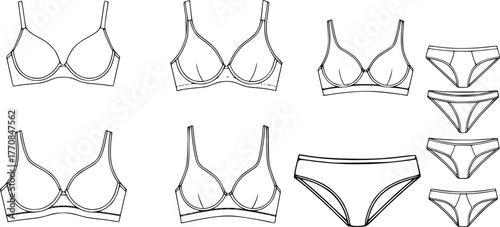 Bra of underwear vector outline set icon. Isolated outline set icon lingerie. Vector illustration bra of underwear on white background.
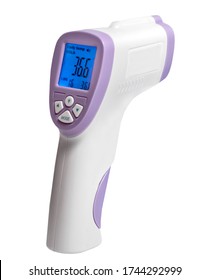 Thermometers Gun Isometric Medical Digital Non Contact Infrared Sight Handheld Forehead Readings. Temperature Measurement Device Isolated On White.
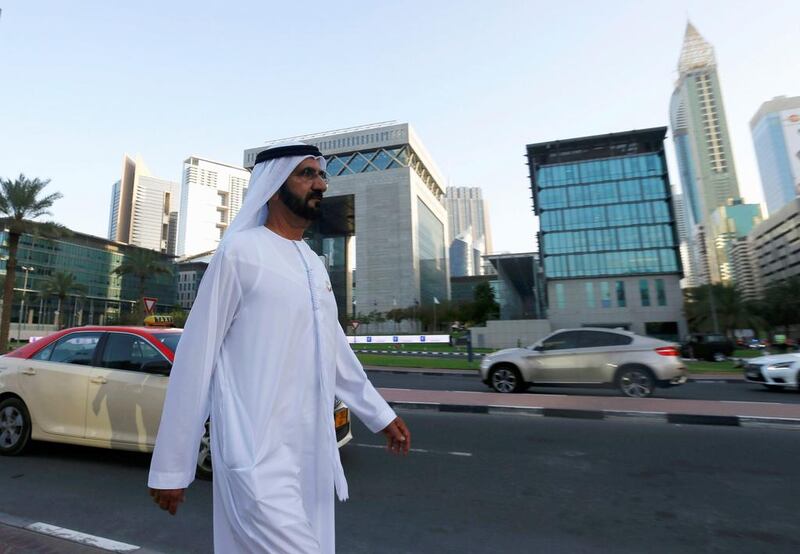 Sheikh Mohammed bin Rashid, Vice President and Ruler of Dubai, walks at Al Boursa street facing the DIFC bulding as he arrives to the official opening of the world’s first functional 3D printed offices in Dubai. Ahmed Jadallah / Reuters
◇ ◇ ◇ ◇
**Work order**
Everything from the top line of the data down to and including the line with "Thermometers Gun Isometric" is to be copied, except the pictures.

**Written solution**
 Bra of underwear vector outline set icon. Isolated outline set icon lingerie. Vector illustration bra of underwear on white background.
 Thermometers Gun Isometric Medical Digital Non Contact Infrared Sight Handheld Forehead Readings. Temperature Measurement Device Isolated On White.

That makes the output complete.